Enbridge Inc can restart operations at the west leg of its Line 5 pipeline while the damaged east leg remains shut, a Michigan circuit court judge ruled on Wednesday. The ruling comes after the judge granted the Michigan attorney general’s motion for a temporary restraining order last Thursday, requiring Enbridge to halt Line 5 operations.

McDonald’s Corp plans to pause the reopening of its dine-in service in the United States by 21 days as the number of coronavirus cases rise in the country, according to a letter seen by Reuters. During the coronavirus-induced lockdowns, fast-food restaurants had to limit operations, leading to lower sales. Nearly 99% of McDonald’s restaurants in the U.S. remain open for drive through, delivery and take-out options.

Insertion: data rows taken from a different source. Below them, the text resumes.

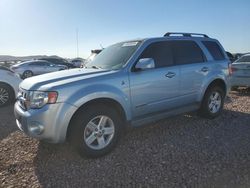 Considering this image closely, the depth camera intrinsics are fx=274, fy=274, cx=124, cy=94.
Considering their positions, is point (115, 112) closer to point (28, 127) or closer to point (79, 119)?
point (79, 119)

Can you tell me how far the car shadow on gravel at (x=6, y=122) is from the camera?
5.68 m

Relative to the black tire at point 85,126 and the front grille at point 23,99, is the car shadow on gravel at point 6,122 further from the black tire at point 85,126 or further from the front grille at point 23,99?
the black tire at point 85,126

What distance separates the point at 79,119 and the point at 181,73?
7.77 feet

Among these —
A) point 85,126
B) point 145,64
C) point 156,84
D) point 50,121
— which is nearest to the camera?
point 50,121

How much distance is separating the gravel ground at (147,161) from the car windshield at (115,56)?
140 cm

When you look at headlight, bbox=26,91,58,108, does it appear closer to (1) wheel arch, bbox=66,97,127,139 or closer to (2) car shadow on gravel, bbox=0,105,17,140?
(1) wheel arch, bbox=66,97,127,139

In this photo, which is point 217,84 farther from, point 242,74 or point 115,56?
point 242,74

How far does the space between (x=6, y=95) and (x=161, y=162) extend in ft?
19.8

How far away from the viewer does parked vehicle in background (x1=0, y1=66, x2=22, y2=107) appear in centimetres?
826

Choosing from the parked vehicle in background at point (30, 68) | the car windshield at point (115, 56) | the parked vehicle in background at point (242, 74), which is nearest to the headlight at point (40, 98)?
the car windshield at point (115, 56)

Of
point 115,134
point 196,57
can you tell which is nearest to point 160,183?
point 115,134

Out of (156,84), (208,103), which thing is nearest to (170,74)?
(156,84)

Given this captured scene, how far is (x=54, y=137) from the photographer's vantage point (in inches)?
151

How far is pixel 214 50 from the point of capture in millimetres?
6309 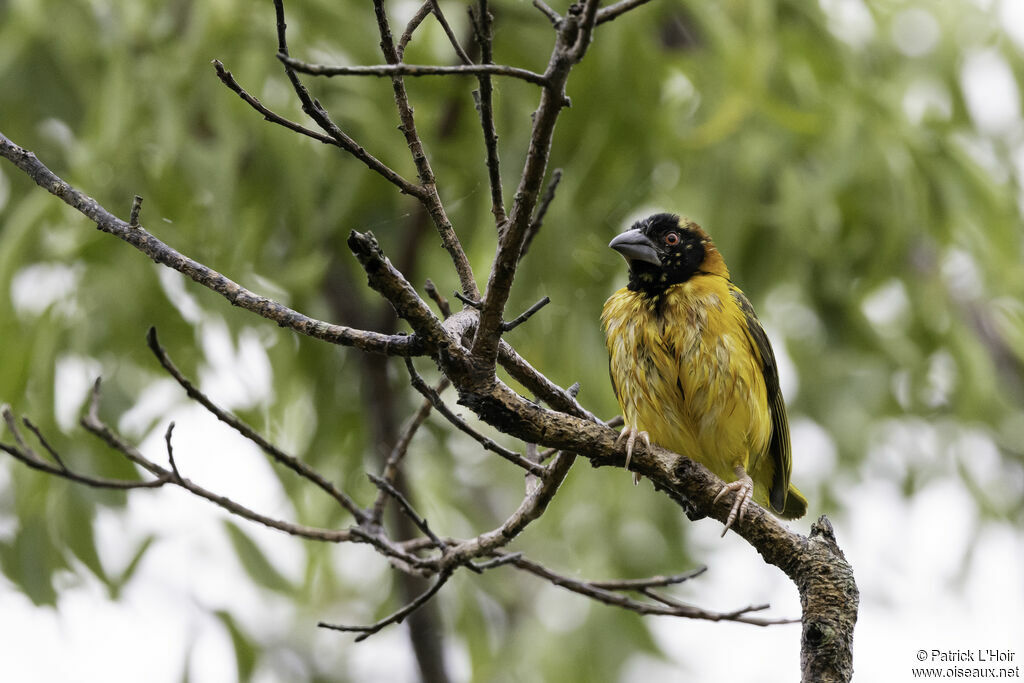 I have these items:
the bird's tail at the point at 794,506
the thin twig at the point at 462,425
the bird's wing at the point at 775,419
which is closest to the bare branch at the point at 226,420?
the thin twig at the point at 462,425

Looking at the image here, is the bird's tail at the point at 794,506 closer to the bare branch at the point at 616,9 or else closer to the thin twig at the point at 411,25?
the thin twig at the point at 411,25

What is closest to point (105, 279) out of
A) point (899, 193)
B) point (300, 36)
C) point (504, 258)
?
point (300, 36)

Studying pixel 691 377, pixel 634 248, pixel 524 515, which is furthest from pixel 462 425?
pixel 634 248

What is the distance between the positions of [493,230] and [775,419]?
1380 mm

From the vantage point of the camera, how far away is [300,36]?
420 cm

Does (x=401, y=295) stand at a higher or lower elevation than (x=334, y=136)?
lower

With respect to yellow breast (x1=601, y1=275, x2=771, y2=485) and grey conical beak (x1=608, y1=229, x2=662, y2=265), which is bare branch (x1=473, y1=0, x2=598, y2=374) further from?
grey conical beak (x1=608, y1=229, x2=662, y2=265)

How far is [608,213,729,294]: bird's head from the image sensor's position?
3.79 meters

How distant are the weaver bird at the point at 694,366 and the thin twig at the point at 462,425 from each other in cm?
113

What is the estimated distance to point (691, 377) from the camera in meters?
3.52

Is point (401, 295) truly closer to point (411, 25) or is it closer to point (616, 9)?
point (616, 9)

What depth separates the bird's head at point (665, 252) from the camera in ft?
12.4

American Airlines said on it expects summer long-haul international capacity to decline 25% in 2021 compared to 2019 due to lower demand resulting from the coronavirus outbreak. The U.S. carrier also said it would discontinue several international routes that were once popular leisure destinations but are now expected to exhibit decreased demand.

French TGV high-speed train maker Alstom is prepared to offload assets to secure early EU antitrust approval for its bid for Bombardier Inc’s rail division, Reuters reported, citing people familiar with the matter said. The companies believe they have a strong case with few overlapping activities even if EU antitrust regulators are not convinced by the concessions and instead opt to open a four-month long investigation, the report said.

Coty Inc appointed Sue Nabi as its chief executive officer, effective Sept. 1, with longtime executive and CEO Peter Harf set to become the executive chairman. Ms. Nabi is founder of luxury skincare line Orveda.

Economic news

(8:30 a.m. ET) Canadian merchandise trade balance for May.

(8:30 a.m. ET) U.S. initial jobless claims for week of June 27.

(8:30 a.m. ET) U.S. employment for June.

(8:30 a.m. ET) U.S. goods and services trade balance for May.

(9:30 a.m. ET) Canada's Markit manufacturing PMI for June.

(10 a.m. ET) U.S. factory orders for May.